3) Microsoft and Google rely on human support

Barely a day goes by when there isn’t something written about the unstoppable spread of artificial intelligence and its effects on online marketing. Search provider giants, Google and Microsoft, rely on the use of learning machines. However, if you look closely, there is also an opposite trend: Microsoft’s search engine, Bing, first announced in August that it wants to rely more on its collaboration with users in the “Bing Distill” community in order to improve the quality of its direct answers in the future (we reported). At the start of October, Google invited its “Local Guide” community to the second conference in San Francisco. According to the company, the organised user community already has around fifty million participants worldwide, who primarily check and correct entries in Google Maps. In addition, almost 700,000 new entries are composed by local guides on a daily basis. Google said that this is a great help, especially in developing countries, because information from local businesses and services in these countries is difficult to automatically record and check. It remains to be seen whether this trend is taking hold or whether humans are just a bridge technology until artificial intelligence has acquired the same skill set.

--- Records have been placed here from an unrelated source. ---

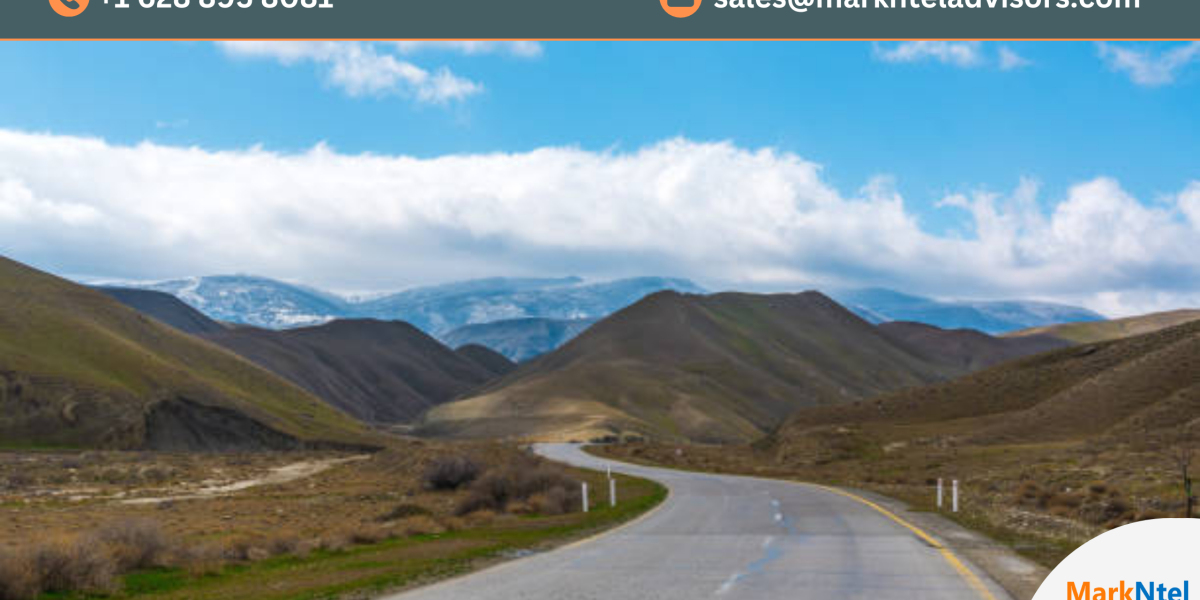 North America Off the Road (OTR) Tire Market Insights: Top Companies, Regional Analysis, and Growth Opportunities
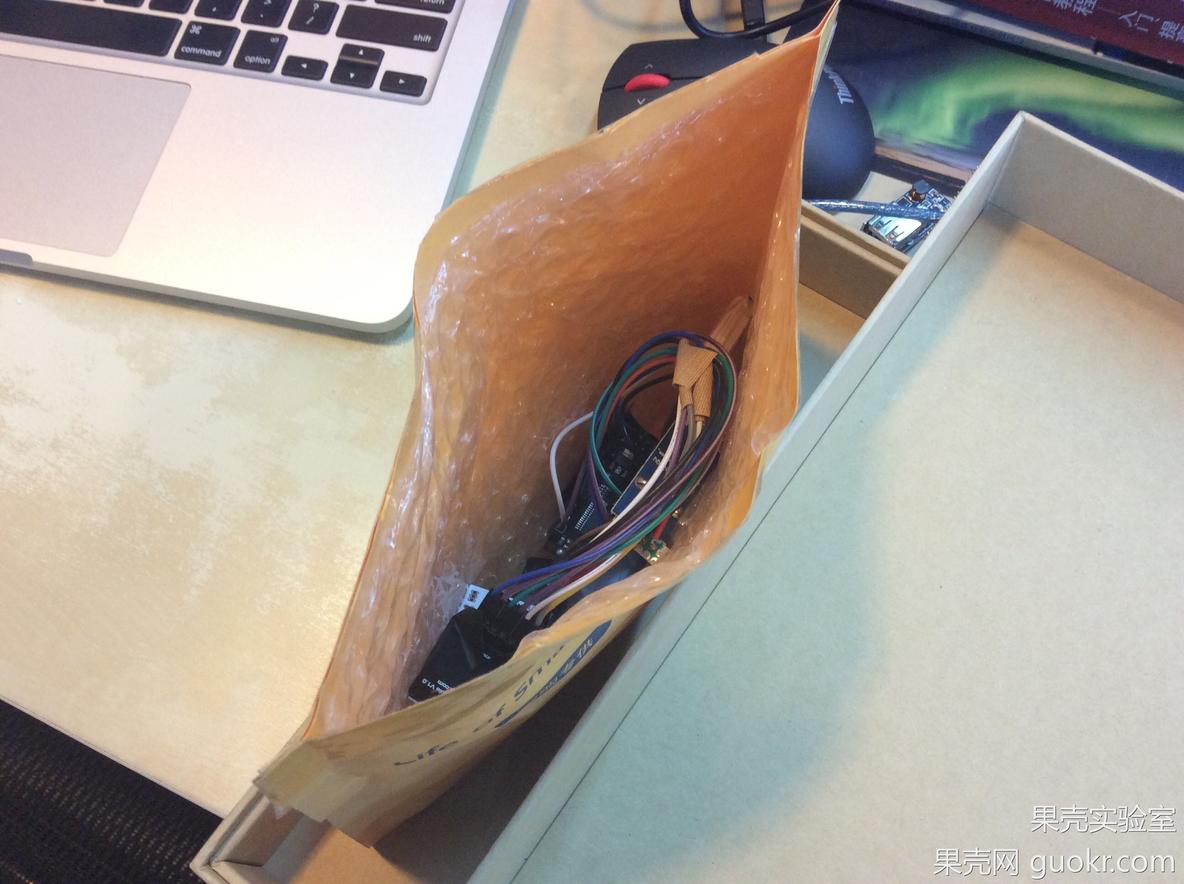 Arduino · 快递暴力测试：用DFRduino nano监测包裹加速度_image_6.webp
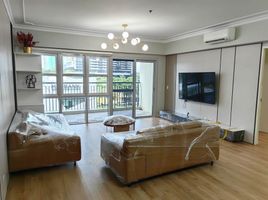 3 Bedroom Condo for rent in Manila International Airport LRT-1, Pasay City, Makati City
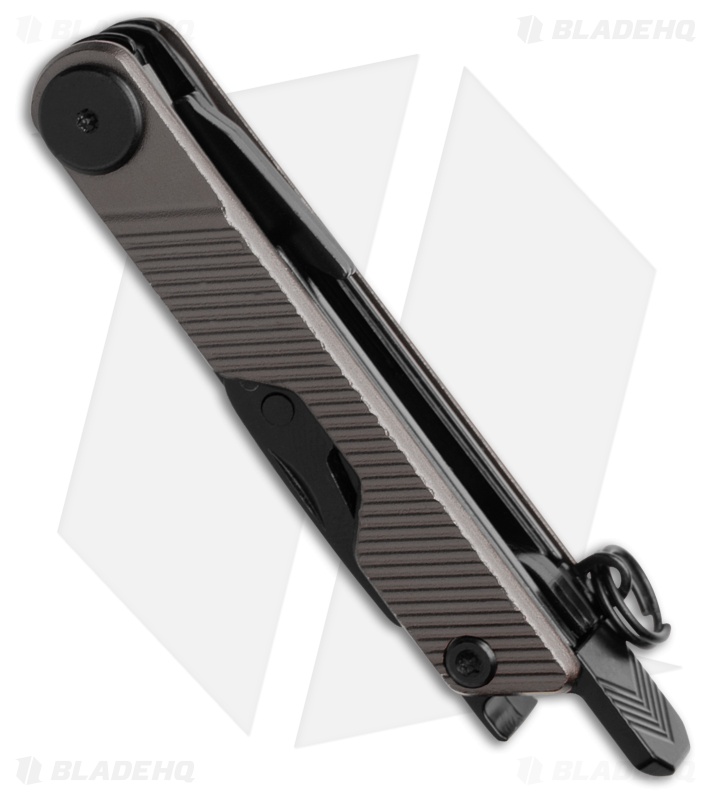 Gerber Armbar Mini Multi-Tool Rose Gold (6-in-1) 1072683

4) How artificial intelligence will change search engine optimisation

Search Marketing faces great changes and, at the core, it’s all about the effects of integrating artificial intelligence and machine learning into the technology of major platforms. In terms of the organic search, according to SEO veteran and expert, Kristopher Jones, this means that keyword rankings will no longer be subject to dramatic changes in the future and that there will be no superior, universal algorithm. In fact, specialised and dynamic algorithms in a variety of versions will be used for various search requests. Ultimately, the search provider’s aim is to accurately grasp the exact intention of the user using technological aids and to be able to deliver better results, according to Jones. The search expert believes that the classic keyword analysis and technical SEO would therefore be obsolete. In response to the challenges of artificial intelligence, Jones suggests a combination of user experience optimisation, strictly tailoring the contents to user intentions and using more natural speech patterns for voice search. He went on to say that search engine optimisers will not be able to develop their own analysis tools based on artificial intelligence and that agencies and advertisers will have to develop strong responses to the technological challenges in order to not be overwhelmed by the progress.